◆ **What is expected**
Copy verbatim the span of lines beginning at the line that contains "Pd torni dove" and ending with the final line of the data. Exclude pictures from the copy.

◆ **Given information**
■ ■ ■
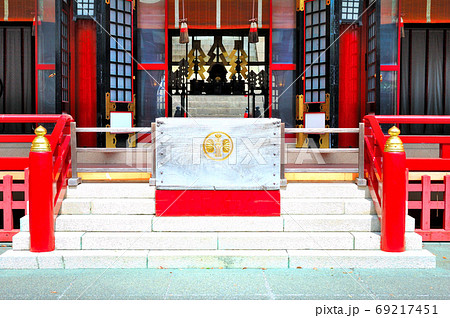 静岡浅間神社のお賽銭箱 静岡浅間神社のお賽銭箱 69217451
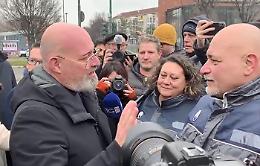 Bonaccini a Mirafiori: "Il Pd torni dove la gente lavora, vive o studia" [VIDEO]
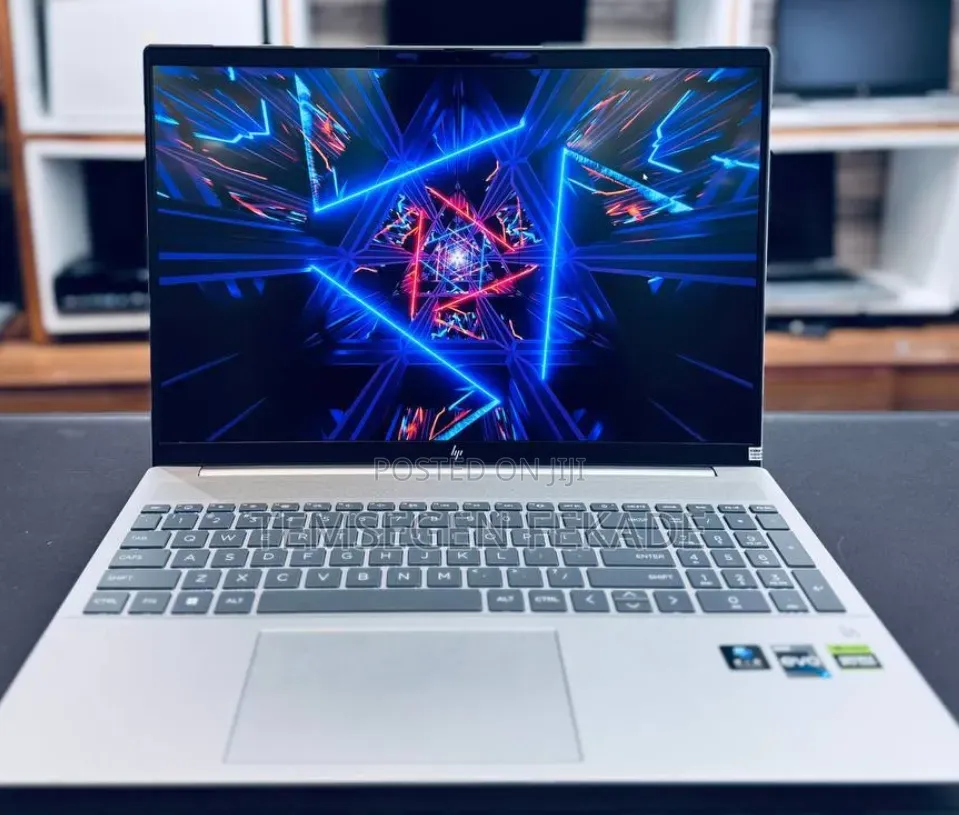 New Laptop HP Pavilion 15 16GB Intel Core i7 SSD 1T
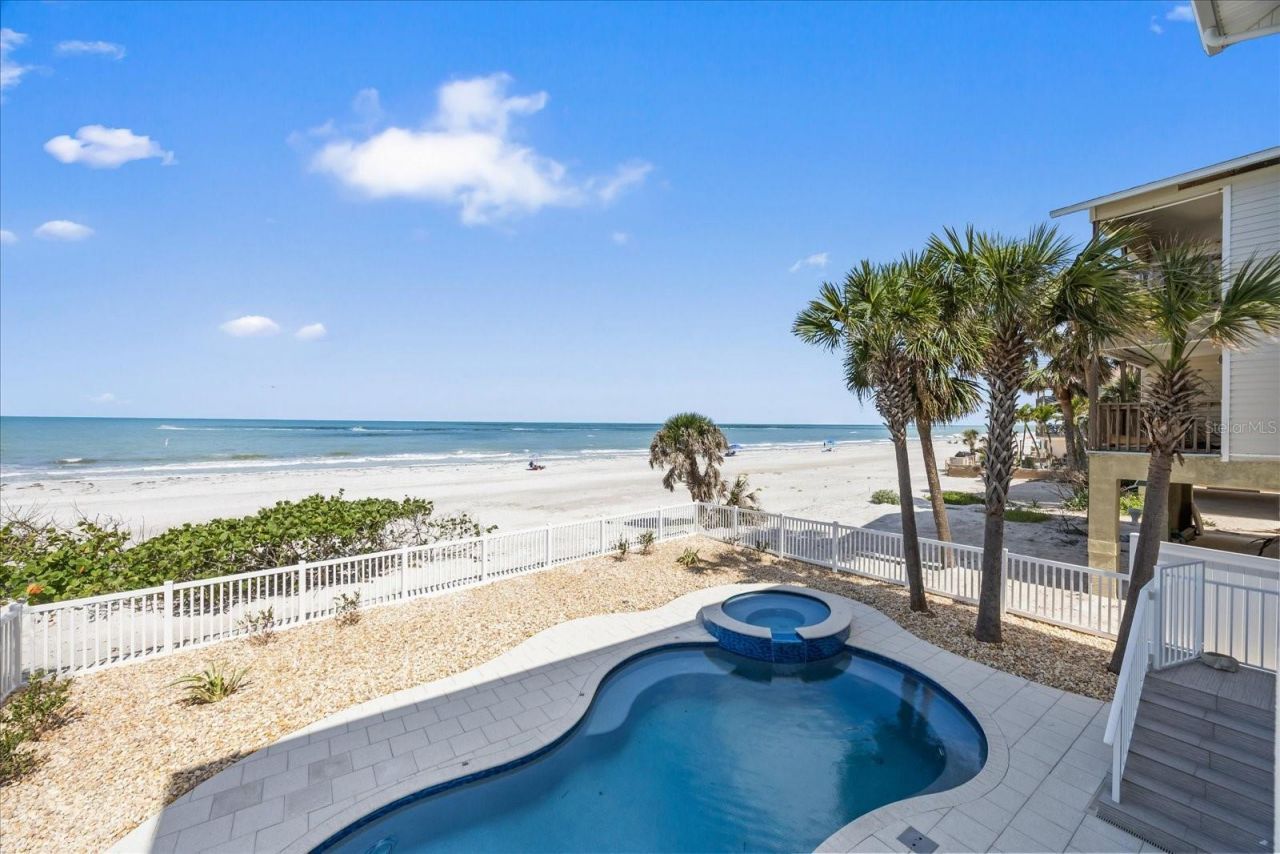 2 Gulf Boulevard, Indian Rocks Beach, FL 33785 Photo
■ ■ ■
◆ **Your response**
 Bonaccini a Mirafiori: "Il Pd torni dove la gente lavora, vive o studia" [VIDEO]
 New Laptop HP Pavilion 15 16GB Intel Core i7 SSD 1T
 2 Gulf Boulevard, Indian Rocks Beach, FL 33785 Photo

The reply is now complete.